I spent part of today working on the emulator again. I decided it was finally time to implement the virtual file system code. I had this working for Linux some time ago, but not for win32. Now its implemented for win32, but doesn’t work on Linux. But the majority of code is done, and its only a small amount of work to get it working for Linux alongside win32.
With the file system code done and a few other win32 functions, telock now is unpacked successfuly. telock checks the first 0x400 bytes of the memory image (which consists of PE headers) against the file image. I only have telock unpacking when i trace the program in parallel. This is due to only a partial implementation of CreateMutex and OpenProcess.
I tried unpacking pespin after that. pespin actually checks the ImageBase field in the PE optional header. The win32 kernel PE loader sets this field in the memory image to reflect the load address. I talked about this once before, but deleted the comment from my blog as I wasn’t convinced what was happening in memory. But yes, it gets patched. pespin also uses the sti instruction which I hadn’t implemented. It raises a priviledged instruction exception.

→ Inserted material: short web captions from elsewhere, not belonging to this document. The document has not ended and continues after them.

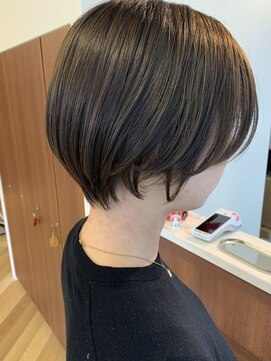 メレ(mele) 首ものスッキリくびれショート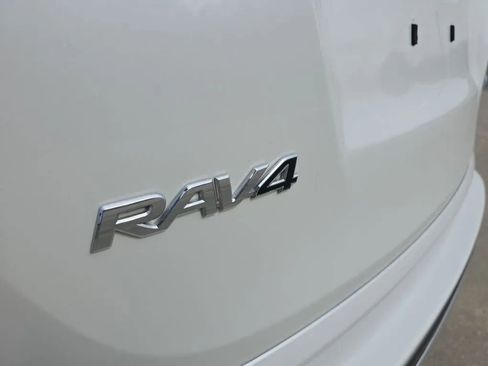 Used 2018 Toyota RAV4 Limited image 11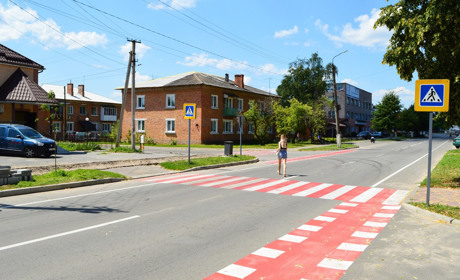 На «зебрі» в центрі Корюківки ледь не збили двох дітей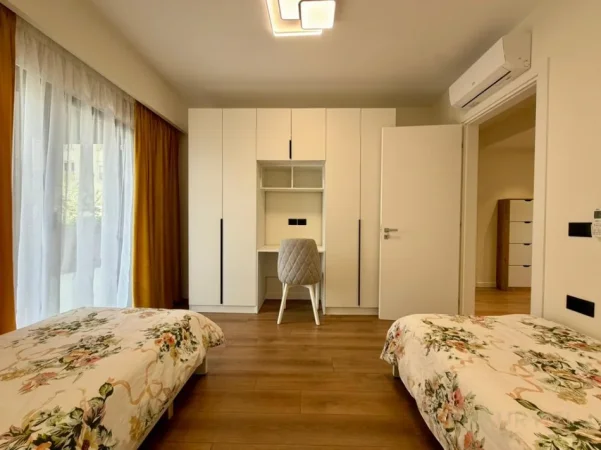 Tirane, jepet me qera apartament 2+1+Ballkon Kati 3, 135 m² 1.300 € (kodra e diellit 2)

pespin and pelock both fail to be emulated completely, and i’m still working on the fixes..
I guess in the future I’m going to have to implement thread support. Apparently some packers use threads and I’m not implementing any of this currently. Also floating point might need to be done at some point in the future.

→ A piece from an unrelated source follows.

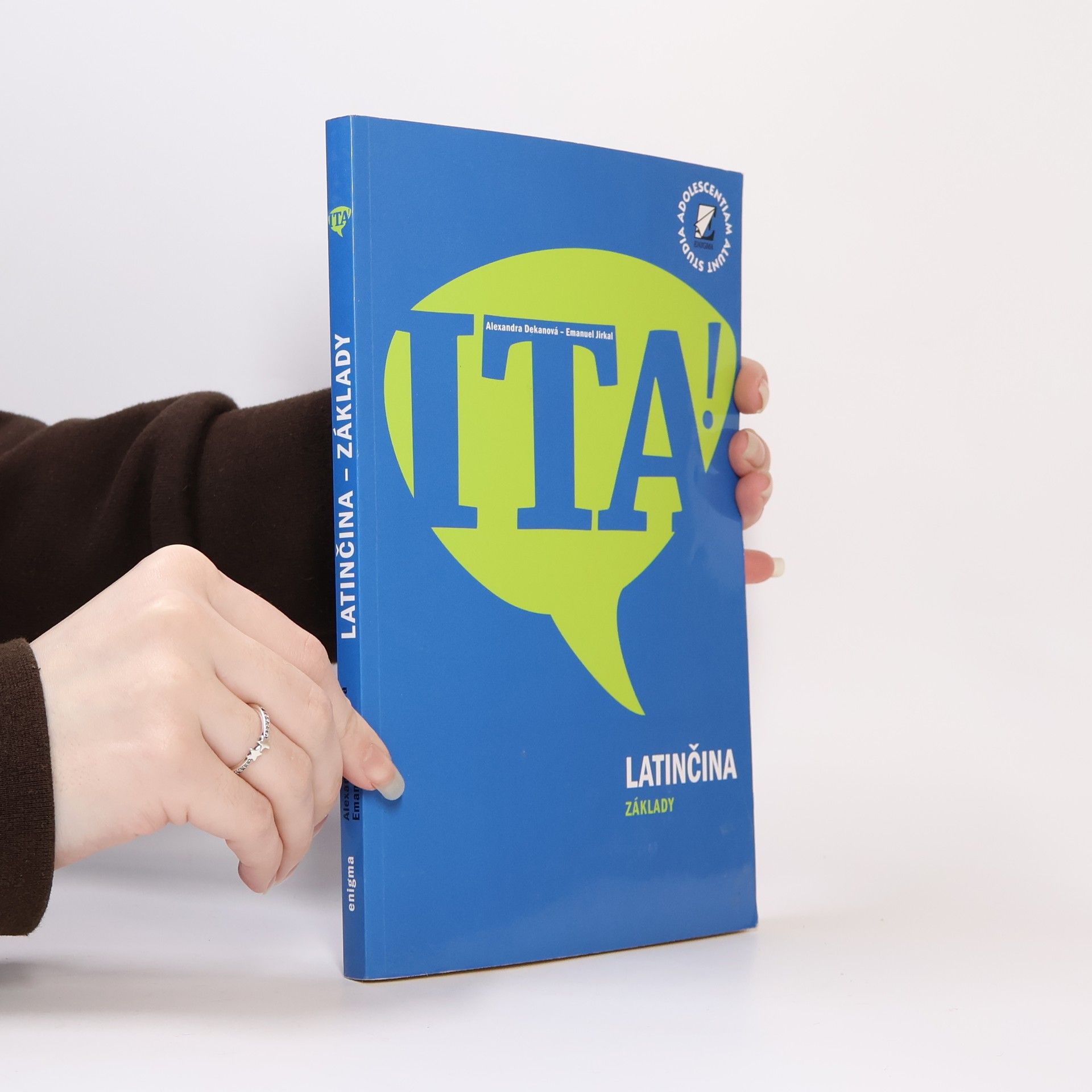 Alexandra Dekanová Latinský jazyk - základy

The other big problem I have is that the emulator is very slow. Much too slow to be used in an on-access AV scanner. It takes 20 seconds to unpack a rlpack’d calc.exe (120k). telock unpacking a minimal program of 7.5k uses 4 times the number of instructions than rlpack. pespin takes a longer still. When I finish the telock unpacking in standalone mode I’ll have to run some more tests for speed.
I never designed the emulator with speed in mind. It will take significant efforts to get it up to speed. I’m still currently more interested in having it work against more packers, but if the code is ever to be used for a real purpose, then I’ll have to address the speed at some point.

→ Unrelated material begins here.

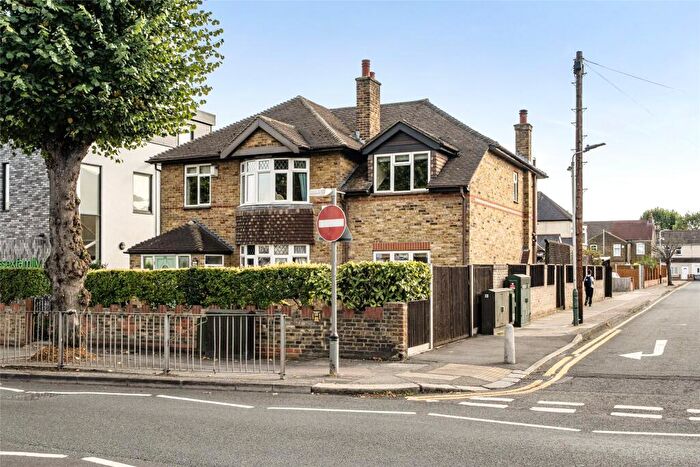 4 Bedroom Detached House For Sale In Mawney Road, Romford, RM7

I also have to fix up the MemCheck code to work with a Linux host.. I have been putting that off for some time now. Turns out in my release version I still left some debug code in it and am only have translation blocks of single instructions.. duh.. That only makes it slower though; it still performs correctly. At some point, I’d like to publicise MemCheck on some mailing lists like dailydave/bugtraq/fd/lkml etc, so I better get round to it at some point.